Dall’altra parte è lo stesso. Il capo della squadra mobile prende un calcio in testa. Manganellate a occhi chiusi. Scudi di polistirolo dall’altra parte, ma volano calci e pugni. Il giorno dopo è sempre lo stesso. Tutti a chiedersi: “e tu da che parte stai?”. Una settimana dopo ce l’hanno detto loro da che parte stare. Anzi, da che parte non stare. Ce l’anno detto i poliziotti, snervati: “Siamo stanchi delle sceneggiate. Basta con questa fallimentare e raffazzonata di ordine pubblico”. Sono gli stessi su cui in molti puntano l’indice chiedendo la loro testa. I poliziotti, anzi gli sbirri, la pula, i giustizieri in servizio a Padova hanno alzato la voce definendosi “comparse” all’uso e consumo dei capi. E lo hanno fatto mettendo nel mirino istituzioni ben precise: prefettura, questura, comando dei carabinieri: lo stato.
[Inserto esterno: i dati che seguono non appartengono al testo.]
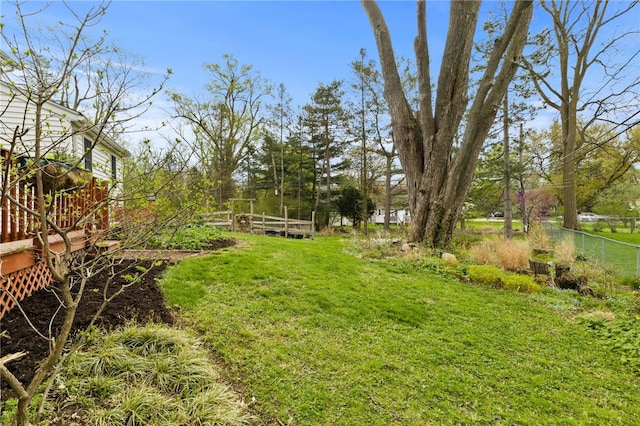 view of yard featuring fence, a wooden deck, and a garden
“A Padova con lo sciopero sociale abbiamo assistito ad una gestione dell’ordine pubblico che definire fallimentare e raffazzonata sarebbe un eufemismo – hanno dichiarato i sindacati di polizia – .Errata dislocazione del personale, funzionari che si sovrappongono nel dare ordini e disposizioni e, per non farsi mancare nulla, le solite sceneggiate concordate e portate in scena, ad uso e consumo dell’ego di antagonisti e funzionari, sulla pelle delle comparse, ossia il personale dei reparti mobili e quello degli altri uffici impiegati a vario titolo”. Quando parlano di “sceneggiate” l’accusa è chiara e riguarda i presunti “accordi” presi prima delle manifestazioni di piazza. “Finte deviazioni di percorso dei cortei in realtà ben note, finti tentativi di oltrepassare i cordoni di polizia, lanci di fumogeni e ordigni, anche questi ampiamente annunciati. Basta con questo genere di non-gestione, basta con i reparti mobili utilizzati come valvola di sfogo, basta alle forze dislocate in campo aperto con fianchi e spalle vulnerabili o, al contrario, schiacciati con le spalle contro le mura dei palazzi da presidiare, basta con l’assistere inerti alla preparazione delle testuggini antagoniste, con i soliti noti lasciati liberi di indossare caschi, preparare fumogeni e bombe carta e avvicinarsi fino al contatto con le prime fila dei reparti. Basta con la tolleranza nel far giungere nei luoghi preposti alle manifestazioni i soliti furgoni carichi di aste, spranghe e bastoni”. Sono loro ad averci raccontato da che parte stare e la verità di come, ormai abitualmente, i disordini vengono diretti dai soliti maestri d’orchestra protetti dalle vetrate dei loro uffici romani.